- Task requirements
What are the lines below, starting at the line containing "Hey guys, welcome" and ending at the line containing "Five: leave the"? Write them out exactly, ends included, without pictures.

The data START

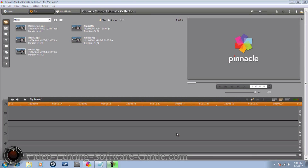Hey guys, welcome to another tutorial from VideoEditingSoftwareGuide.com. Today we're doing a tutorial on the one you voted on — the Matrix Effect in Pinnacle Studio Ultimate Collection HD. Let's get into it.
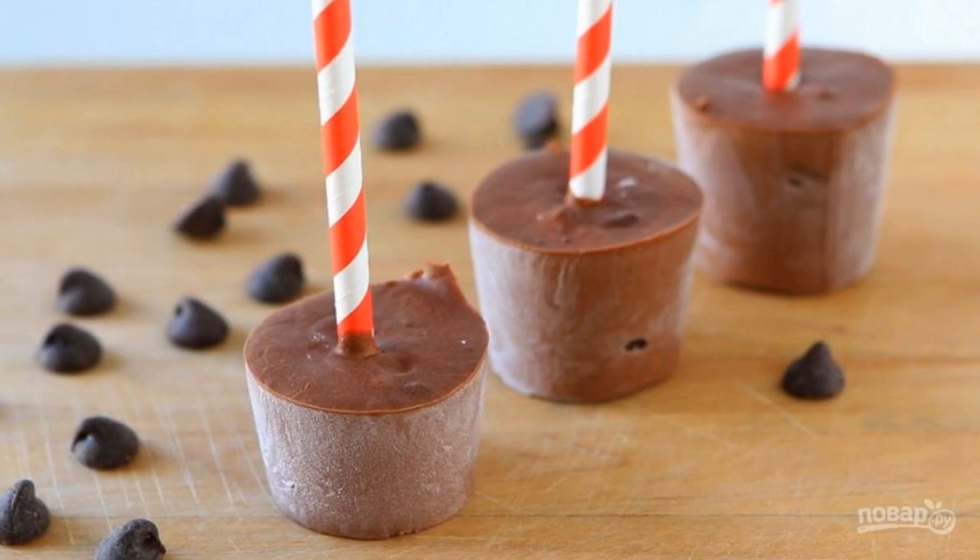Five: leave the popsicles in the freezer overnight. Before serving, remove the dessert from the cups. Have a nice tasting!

The data END
The data START

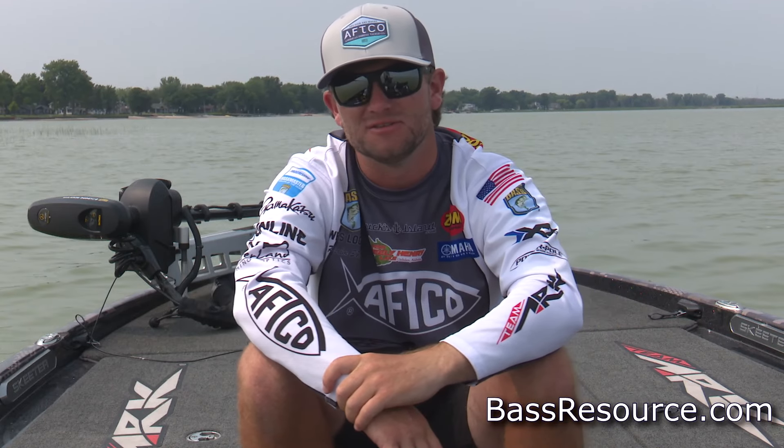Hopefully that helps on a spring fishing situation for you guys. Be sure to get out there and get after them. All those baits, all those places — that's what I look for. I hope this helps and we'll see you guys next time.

The data END
The data START

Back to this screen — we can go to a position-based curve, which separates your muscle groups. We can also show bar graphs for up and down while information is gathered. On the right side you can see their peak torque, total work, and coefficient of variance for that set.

The data END

- Task result
Hey guys, welcome to another tutorial from VideoEditingSoftwareGuide.com. Today we're doing a tutorial on the one you voted on — the Matrix Effect in Pinnacle Studio Ultimate Collection HD. Let's get into it.
Five: leave the popsicles in the freezer overnight. Before serving, remove the dessert from the cups. Have a nice tasting!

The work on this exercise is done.